The MSEL (Mullen 1995) yielded a third set of receptive and expressive scores, via direct assessment of child skills, and was administered by research-reliable assessors. At the toddler visits specifically, administration was by or under close supervision of the same clinical researchers who undertook the diagnostic assessments. Within a direct-assessment context, MSEL scores indexed children’s developing abilities to show understanding of and compliance with language spoken by the examiner, and to produce appropriate communication/language spontaneously and in response to the examiner’s bids/questions (varying across items, as appropriate to the developmental level of the assessed individual).

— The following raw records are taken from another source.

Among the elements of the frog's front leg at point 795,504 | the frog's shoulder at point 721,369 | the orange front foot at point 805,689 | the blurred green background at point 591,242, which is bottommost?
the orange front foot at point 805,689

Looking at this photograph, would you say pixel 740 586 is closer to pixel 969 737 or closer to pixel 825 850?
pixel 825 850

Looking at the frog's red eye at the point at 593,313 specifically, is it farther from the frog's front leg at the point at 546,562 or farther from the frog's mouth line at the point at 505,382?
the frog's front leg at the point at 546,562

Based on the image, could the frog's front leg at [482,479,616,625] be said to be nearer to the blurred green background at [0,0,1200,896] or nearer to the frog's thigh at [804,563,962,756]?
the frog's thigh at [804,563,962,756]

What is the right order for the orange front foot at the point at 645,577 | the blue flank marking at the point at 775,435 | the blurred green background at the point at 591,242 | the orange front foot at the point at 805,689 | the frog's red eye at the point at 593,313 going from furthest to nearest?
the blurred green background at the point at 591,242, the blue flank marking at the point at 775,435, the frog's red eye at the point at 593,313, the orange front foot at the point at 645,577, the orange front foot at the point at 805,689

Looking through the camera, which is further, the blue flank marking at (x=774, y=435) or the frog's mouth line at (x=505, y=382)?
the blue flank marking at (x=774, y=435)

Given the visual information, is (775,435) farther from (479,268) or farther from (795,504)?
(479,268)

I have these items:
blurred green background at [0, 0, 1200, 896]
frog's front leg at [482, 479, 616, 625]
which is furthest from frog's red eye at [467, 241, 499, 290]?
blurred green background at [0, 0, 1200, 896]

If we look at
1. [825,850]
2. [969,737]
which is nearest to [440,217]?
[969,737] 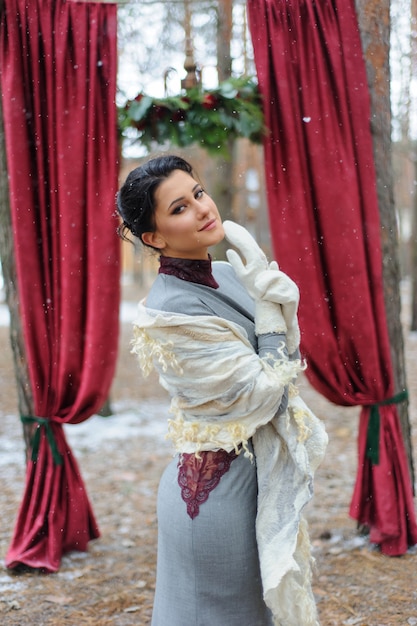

ASD Symptoms and Diagnosis

Of the 54 HR infants recruited, 53 were retained to Visit 4 when comprehensive diagnostic assessment was undertaken. Parents completed the Autism Diagnostic Interview—Revised (ADI-R; Lord et al. 1994) and the SCQ (Rutter et al. 2003), and toddlers were assessed with the ADOS-G (Lord et al. 2000; module 2 for 50 toddlers, module 1 for 3 toddlers), with standard algorithms computed. Assessments were conducted without blindness to risk-group status (given the different protocols run with HR and LR toddlers), by or under the close supervision of clinical researchers (i.e., psychologists, speech therapists) with demonstrated research-level reliability.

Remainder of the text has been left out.